Roma era una maquinaria que costaba mucho mantener engrasada y en funcionamiento, por lo que los impuestos crecían sin descanso ahogando las precarias economías de la zona; por si era poco, había estallado una guerra civil entre Sertorio y Pompeyo, lo que hizo aumentar los impuestos y hacer glebas entre las gentes de la zona, sobre todo los de origen céltico, amantes de la lucha y conocedores del terreno, hostigando así las tierras en poder del estado romano.
En San Sixto hubo escaramuzas entre los dos bandos y las tropas de Sertorio se acuartelaron allí para no dejar pasar a las de Pompeyo hacia la Céltica, pero de nada le sirvió todo esto al primero, porque Pompeyo ganó y se encontró allanado el camino hacia la Beturia, acabando después Cesar de integrar todo aquel territorio en el ámbito romano, llegando a darle su nombre a muchas ciudades fundadas con la intención de romanizar la región.
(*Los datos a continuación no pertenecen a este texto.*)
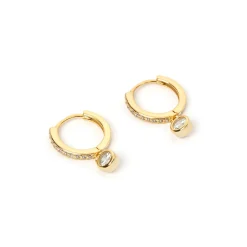 Rhodes Gold Earrings - Stone
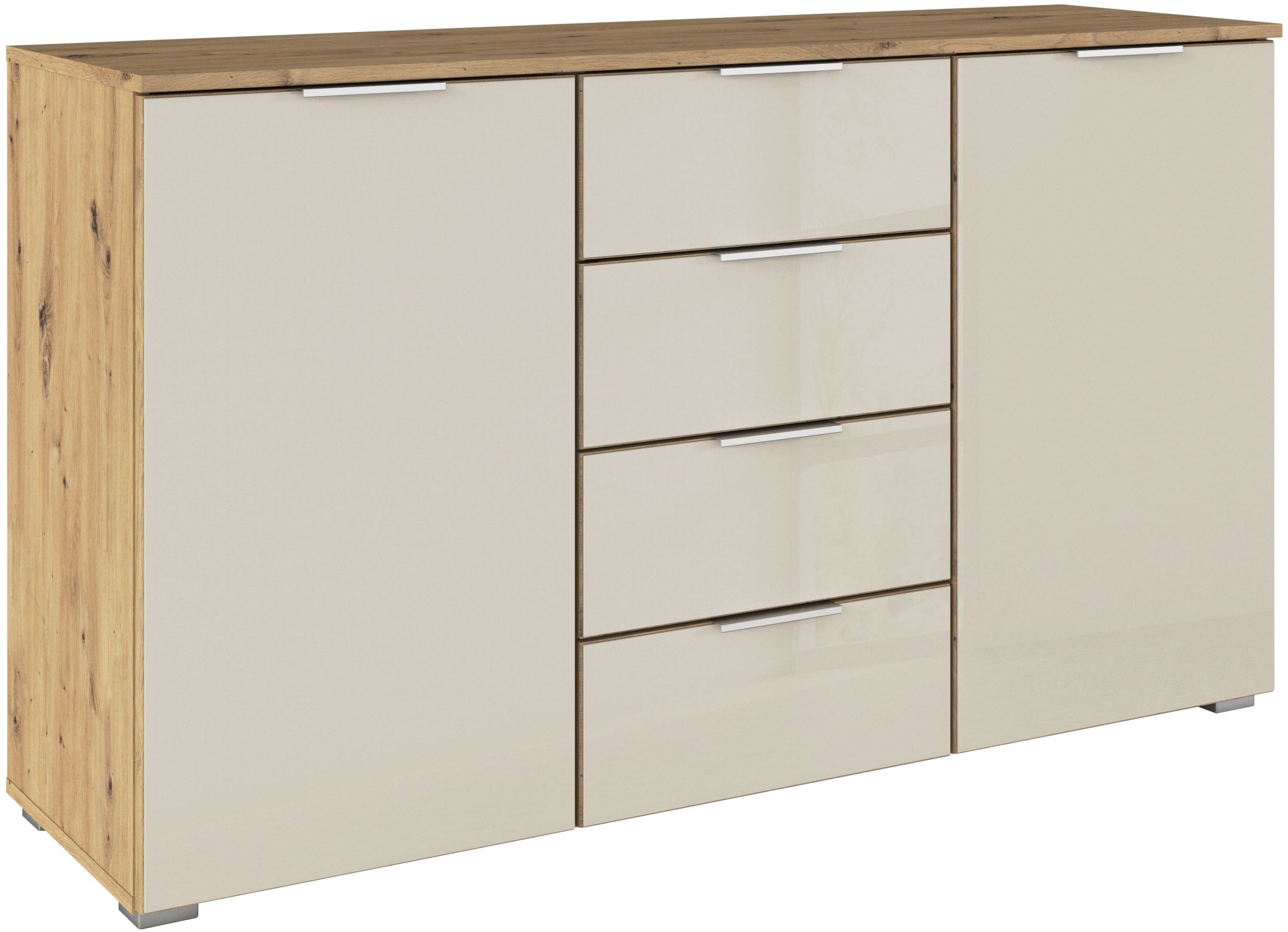 rauch Kombikommode "Sideboard Kombikommode Schubladenkommode AGORDO mit Gla günstig online kaufen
Tranquilizados los romanos se dedicaron a explotar las riquezas mineras de la zona, volviendo a excavar en la Sierra de la Lapa, la Cueva de San Pedro o La Contienda, pero la constante expansión del imperio también los llevó a sitios más ricos y de más fácil explotación, lo que produjo el abandono del poblado de San Sixto y una gran crisis demográfica. No obstante, el periodo de explotación romano en las minas, aunque corto, fue intenso, lo que llevó a las gentes del pueblo a costear un arco de triunfo para celebrar al emperador Trajano a su paso hacia Lusitania.